# Concluding thoughts on Esther(week 10)



## Eoghan (Jan 8, 2011)

We finished Esther today and I would have to say that my impression of Esther is one of deference. She deferred to the eunuch in charge of the harem, she showed deference to Xerxes, she also showed deference to Mordecai. When it came to making her request she was not above deferring until the following day and even than waited until the sfter-dinner coffee (OK, I know it was wine). Her deference won her friends and the "love" of the king, yet she was no push-over. She stood up to Xerxes and risked her life for her people.

As regards the celebration of providence I was struck by the irony of calling the festival "Purim" after pur - meaning casting lots. I really think Mordecai was making fun of the pagan idea of chance being directed by pagan deities. Pur is eaten up by Providence just as the fish eats the darwin fish (creationist "in" joke).

I was reminded of John Flavels work on providence and his argument that we celebrate Guy Fawkes night just as the Jews celebrated Purim. (p108 of the paperback Banner edition). I also read that the Puritans took it to America. Do Ameriocans still celebrate it, or was it dropped after the colonies rebelled? ;-)

My next posts for the next 12 weeks or so will probably be about Daniel.


----------



## Jack K (Jan 8, 2011)

I like your thoughts on "Purim" and providence. Very nice insight there.
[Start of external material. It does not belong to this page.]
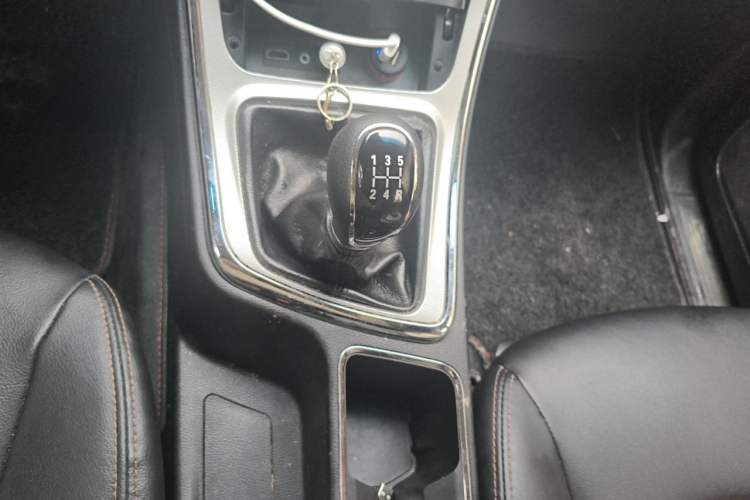 Used Baojun 560 2015 1.8L Manual Elite Edition Gear Lever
BTW... the average American would not be able to tell you the first thing about Guy Fawkes night. It's nearly completely forgotten here.


----------



## Peairtach (Jan 8, 2011)

> It's nearly completely forgotten here.



Remember, remember the 5th of November,
Gunpowder, treason and plot....


----------



## Eoghan (Jan 12, 2011)

Decades ago when I organised a fireworks party for some of the young people from my church I read a passage from scripture (?) and then spoke about the remarkable providence in preventing the overthrow of the government and a return to Roman Catholicism. After the party my flat mate reported back to me that half of those present thought it was all a big joke.

In my defence I has just finished reading John Flavel.

In the present climate would we be allowed to celebrate such providences?


----------